Rumsfeld’s military transformation has four major flaws in it.

1. It assumes that the US will always have a significant military high technology advantage. Given the amount of outsourcing of high tech jobs and the rise of quality international engineering colleges, that assumption is not a given and may be proven wrong sooner than we think.

2. What cost will it take to maintain this high tech weaponry advantage. Consider the billions of dollars dumped into the Strategic Defense Initiative, which despite being officially “deployed”, still doesn’t work and is 99.99% likely will never work effectively.

3. The wars of the future will be low tech, and will not be resolved with high tech weaponry. Iraq is a low tech war and it is a quagmire because the US military has continued to be undermanned, despite all the high-tech weaponry at its disposal. The wars of the future will be like Darfur and Kosovo, wars and genocides of generations of racial animus. What’s needed in Darfur are peacekeepers, boots on the ground, to separate the factions, provide the needed humanitarian aid, and do nation building and rebuilding. The pulling of troops from Afghanistan to Iraq has proven to be a major strategic mistake as Al Qaeda and the Taliban have returned, the warlords are in control of the majority of the country, and the opium trade has comeback with a vengeance. The Bush Administration’s hatred of the Clintonistas have led to its out-of-hand disregard for the real military strategy of the future, the strategy of the past: strength in numbers, humanitarian aid and nation build. If this strategy was followed in Iraq, and Donald Rumsfeld followed General Eric Shinnseki’s strategy and manpower estimations of a minimum of 440,000 troops, based upon historical analysis of effective post war operations, the US would not be bogged down in an unwinnable war that is rapidly descending into large-scale civil warfare.

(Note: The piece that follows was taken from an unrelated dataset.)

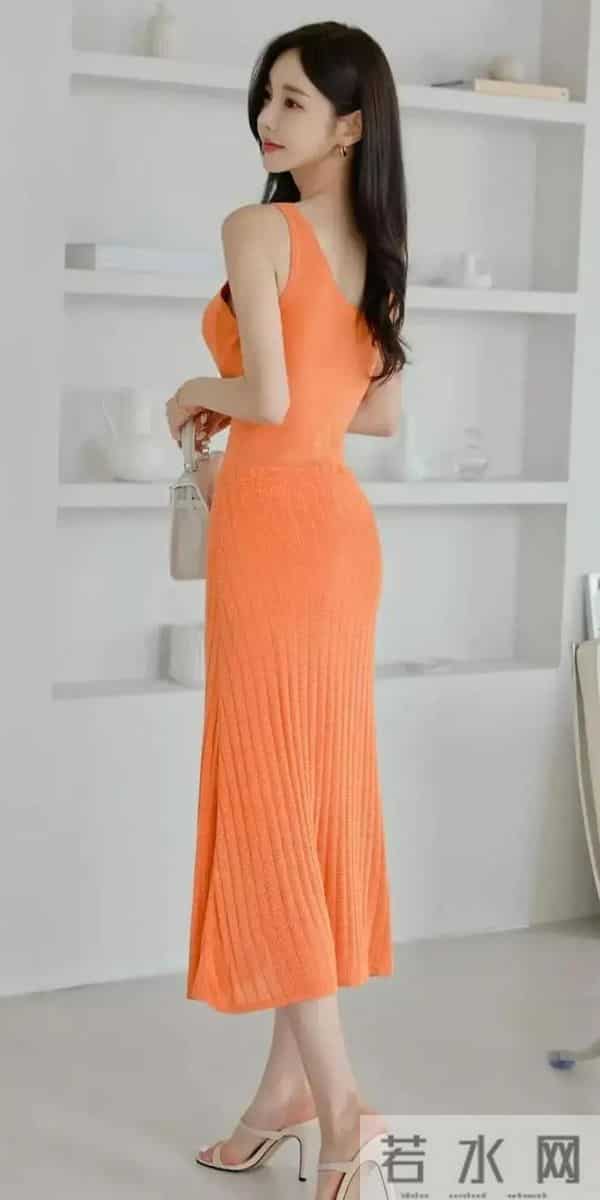 孙允珠时尚女王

The end of Ronson’s book discusses the chilling and sad case of Frank Olsen, the CIA agent who died by falling out of a New York apartment building after being secretly being given LSD.T his was one of the “Psy-Ops” programs - to study the effects of psychotropic drugs effect on behavior, so that they could be used for enemy interrogation or possibly disable enemy troop son the battlefield. There is no difference morally between slipping LSD into someone’s drink as part of an experiment and waterboarding a suspected, but not verified, Iraqi insurgent. In both cases, the end result was the same.

The goat who approved the all of the failed military strategies and policies in Iraq and Afghanistan? Donald Rumsfeld. Heaven help us all that the CEO generals of the Pentagon prevent the suicidal attack of Iran.

TRD101 knows this: There’s a reason old goats are put out to pasture, so that people driving by care stare at them in their dotage. There’s also a reason why these old goats should not put back in service.

And that is The Real Deal 101 for today, like it or not.